Your instructions. Go through the data below and repeat it exactly, skipping each picture.

Information provided.
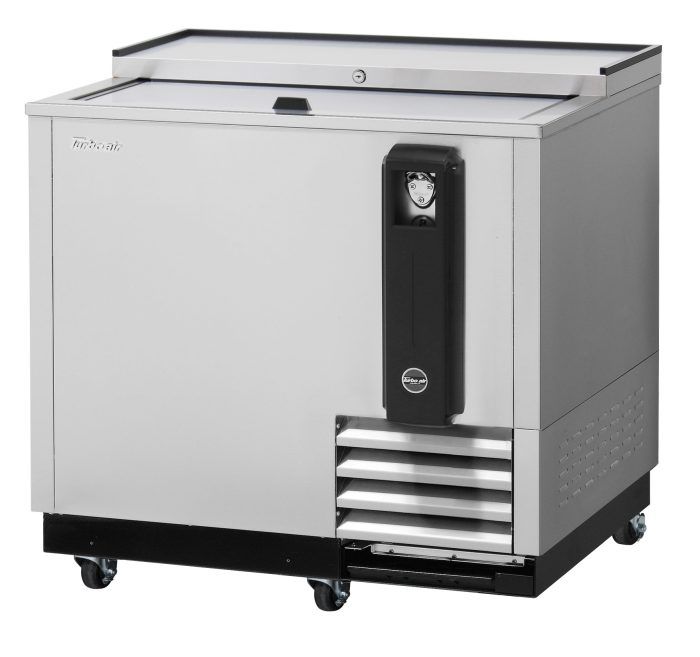 Turbo Air TBC-36SD-N6 36" Super Deluxe Stainless Steel Bottle Cooler - Donut-Supplies.Com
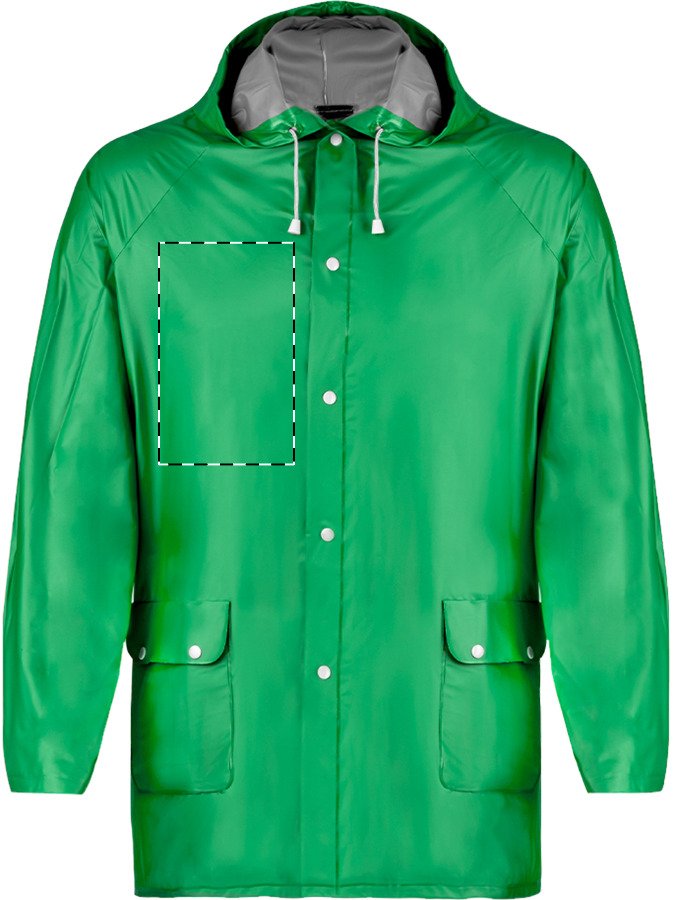 Fronte lato destro: 80 x  60 mm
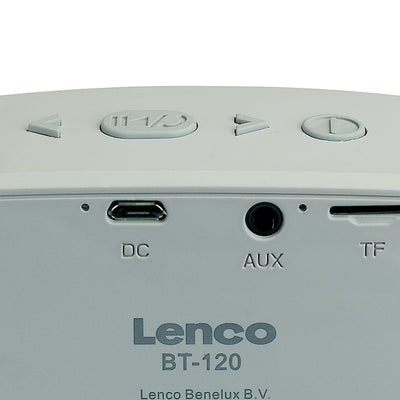 Lenco BT-120GY - Głośnik Bluetooth o mocy 3 W i paskiem do noszenia - Szary 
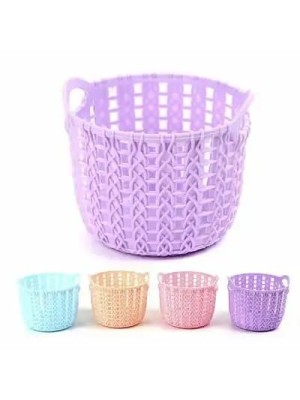 Cesta Organizadora em Plástico12X16X17cm | Caixa Multiuso para Organização de Banheiro, Cozinha, Quarto e Escritório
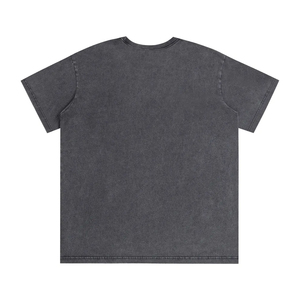 Wholesale Manufacturer Mens Regular Fit Soft Cotton Customized Printed Custom Acid Wash <b>T</b> Shirt - Product Image 2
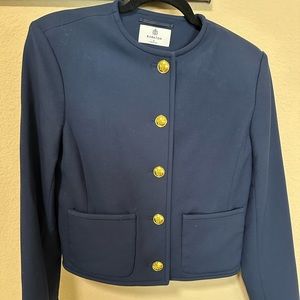 Babaton ELYSIAN JACKET size S blue with golden buttons
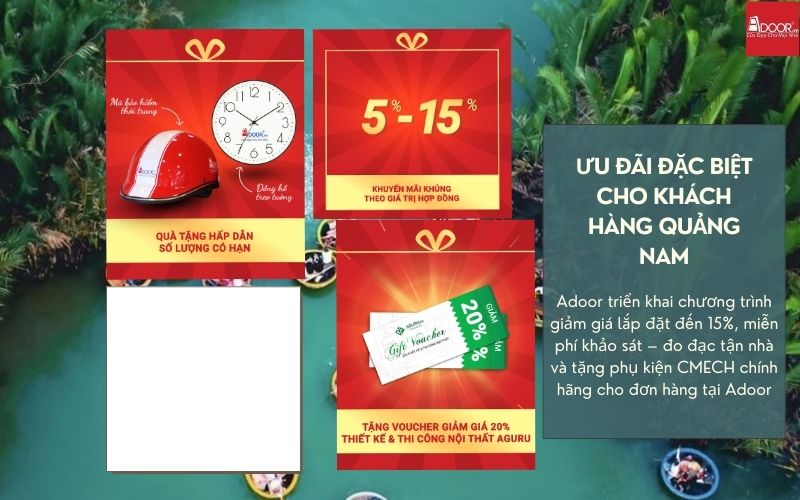 Đừng bỏ lỡ chương trình ưu đãi đặc biệt từ Adoor giúp bạn sở hữu cửa nhôm kính Xingfa Quảng Nam (nhập khẩu) với mức giá tốt nhất thị trường.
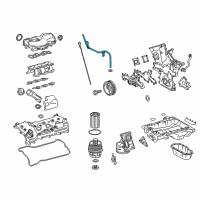 OEM 2019 Toyota Tacoma Guide Tube Diagram - 11452-0P050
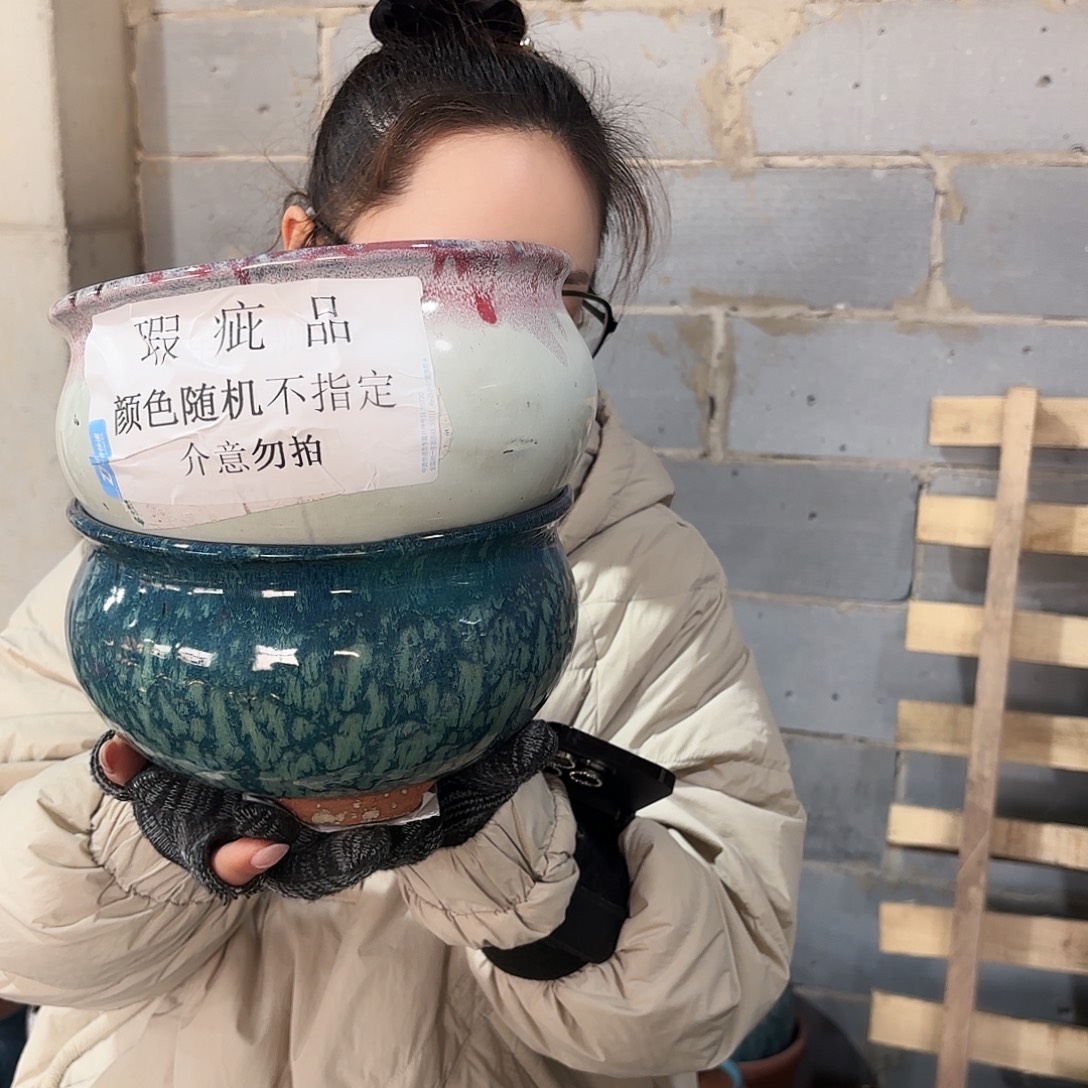 红陶瑕疵高12/20两个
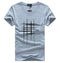 Simple creative design line cross Print cotton T Shirts Men's New Arrival Summer Style Short Sleeve Men t-shirt-Gray-S-JadeMoghul Inc.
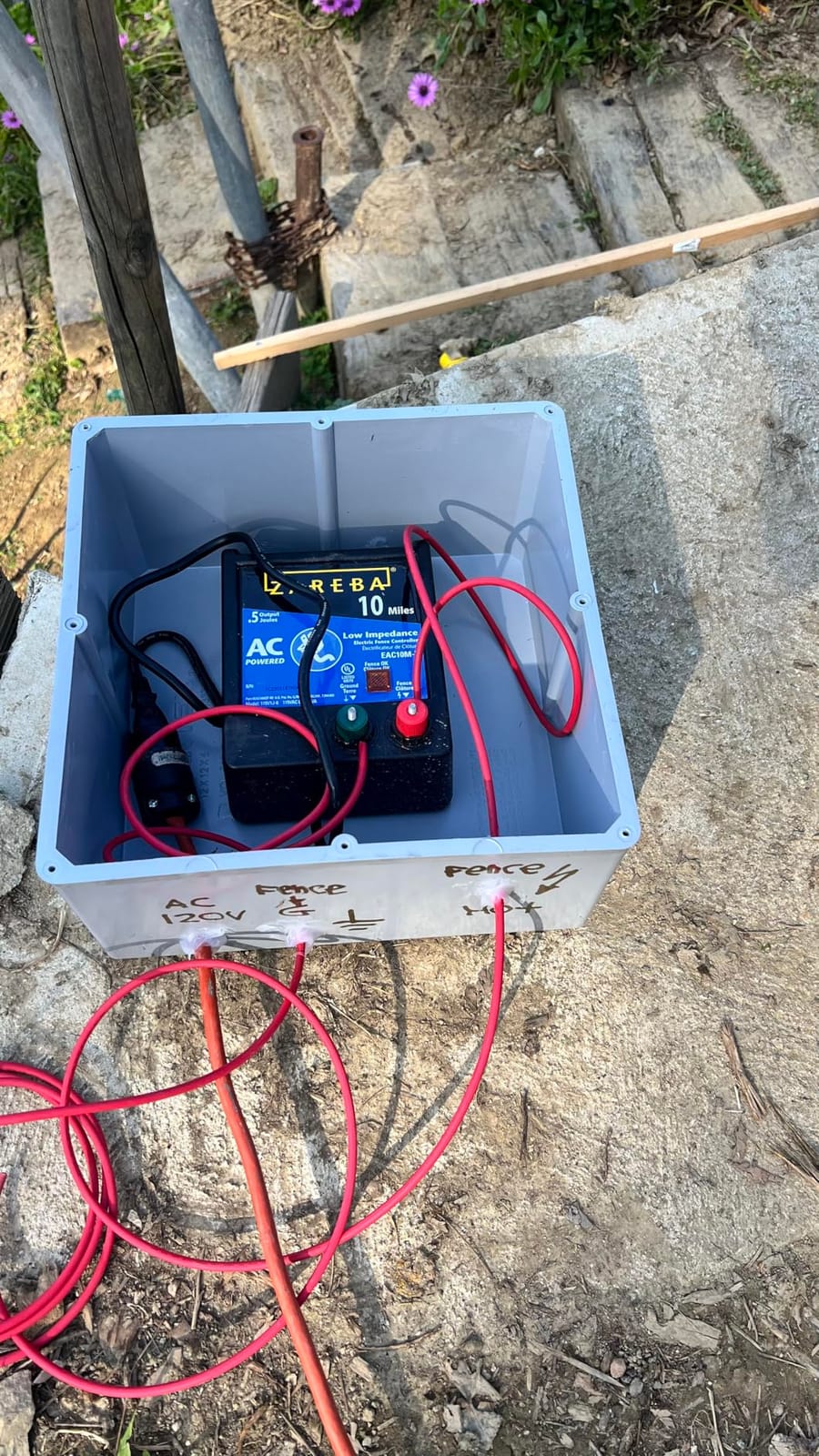 Zareba 10 Mile AC Powered Low Impedance Fence Charger, 0.5 Joule Output | Plug-In Electric Fence Energizer for Cattle, Horses, Pigs, Goats, Livestock, EAC10M-Z customer photo 2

Output.
 Turbo Air TBC-36SD-N6 36" Super Deluxe Stainless Steel Bottle Cooler - Donut-Supplies.Com
 Fronte lato destro: 80 x  60 mm
 Lenco BT-120GY - Głośnik Bluetooth o mocy 3 W i paskiem do noszenia - Szary 
 Cesta Organizadora em Plástico12X16X17cm | Caixa Multiuso para Organização de Banheiro, Cozinha, Quarto e Escritório
 Wholesale Manufacturer Mens Regular Fit Soft Cotton Customized Printed Custom Acid Wash <b>T</b> Shirt - Product Image 2
 Babaton ELYSIAN JACKET size S blue with golden buttons
 Đừng bỏ lỡ chương trình ưu đãi đặc biệt từ Adoor giúp bạn sở hữu cửa nhôm kính Xingfa Quảng Nam (nhập khẩu) với mức giá tốt nhất thị trường.
 OEM 2019 Toyota Tacoma Guide Tube Diagram - 11452-0P050
 红陶瑕疵高12/20两个
 Simple creative design line cross Print cotton T Shirts Men's New Arrival Summer Style Short Sleeve Men t-shirt-Gray-S-JadeMoghul Inc.
 Zareba 10 Mile AC Powered Low Impedance Fence Charger, 0.5 Joule Output | Plug-In Electric Fence Energizer for Cattle, Horses, Pigs, Goats, Livestock, EAC10M-Z customer photo 2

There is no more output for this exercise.